- **Exercise**
Start your answer with the line containing "Slickblue Modern Twin" and end it with the last line of the records below, retyping every line between exactly and adding nothing.
[Start of Attachment]
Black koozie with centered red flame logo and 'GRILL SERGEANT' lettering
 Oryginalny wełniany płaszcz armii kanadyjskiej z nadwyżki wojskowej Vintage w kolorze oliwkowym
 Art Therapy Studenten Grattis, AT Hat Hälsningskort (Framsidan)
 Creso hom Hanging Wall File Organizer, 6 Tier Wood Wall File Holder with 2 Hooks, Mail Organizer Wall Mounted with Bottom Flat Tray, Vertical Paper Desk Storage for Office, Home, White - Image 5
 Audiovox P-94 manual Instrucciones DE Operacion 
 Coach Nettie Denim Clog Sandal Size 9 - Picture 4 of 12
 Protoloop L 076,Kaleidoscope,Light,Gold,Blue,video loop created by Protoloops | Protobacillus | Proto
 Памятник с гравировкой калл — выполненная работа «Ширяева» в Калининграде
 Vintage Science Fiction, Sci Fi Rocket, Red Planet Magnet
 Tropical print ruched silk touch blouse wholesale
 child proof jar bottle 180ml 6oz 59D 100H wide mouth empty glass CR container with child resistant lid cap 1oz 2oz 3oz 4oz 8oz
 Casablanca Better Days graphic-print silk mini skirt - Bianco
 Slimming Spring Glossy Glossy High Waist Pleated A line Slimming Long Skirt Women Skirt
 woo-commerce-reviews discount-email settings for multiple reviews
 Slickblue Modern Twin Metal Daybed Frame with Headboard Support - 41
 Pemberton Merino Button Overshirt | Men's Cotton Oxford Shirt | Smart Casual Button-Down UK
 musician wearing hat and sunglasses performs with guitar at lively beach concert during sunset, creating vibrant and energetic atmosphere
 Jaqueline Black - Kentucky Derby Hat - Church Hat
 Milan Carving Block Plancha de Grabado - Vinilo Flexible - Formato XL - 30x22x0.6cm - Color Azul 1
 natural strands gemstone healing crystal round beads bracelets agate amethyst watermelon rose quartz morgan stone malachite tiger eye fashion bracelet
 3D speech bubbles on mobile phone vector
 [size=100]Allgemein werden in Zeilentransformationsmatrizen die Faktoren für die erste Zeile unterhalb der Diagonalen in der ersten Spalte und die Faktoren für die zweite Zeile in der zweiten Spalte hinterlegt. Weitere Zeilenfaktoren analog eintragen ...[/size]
[End of Attachment]
- **Solution for this exercise**
 Slickblue Modern Twin Metal Daybed Frame with Headboard Support - 41
 Pemberton Merino Button Overshirt | Men's Cotton Oxford Shirt | Smart Casual Button-Down UK
 musician wearing hat and sunglasses performs with guitar at lively beach concert during sunset, creating vibrant and energetic atmosphere
 Jaqueline Black - Kentucky Derby Hat - Church Hat
 Milan Carving Block Plancha de Grabado - Vinilo Flexible - Formato XL - 30x22x0.6cm - Color Azul 1
 natural strands gemstone healing crystal round beads bracelets agate amethyst watermelon rose quartz morgan stone malachite tiger eye fashion bracelet
 3D speech bubbles on mobile phone vector
 [size=100]Allgemein werden in Zeilentransformationsmatrizen die Faktoren für die erste Zeile unterhalb der Diagonalen in der ersten Spalte und die Faktoren für die zweite Zeile in der zweiten Spalte hinterlegt. Weitere Zeilenfaktoren analog eintragen ...[/size]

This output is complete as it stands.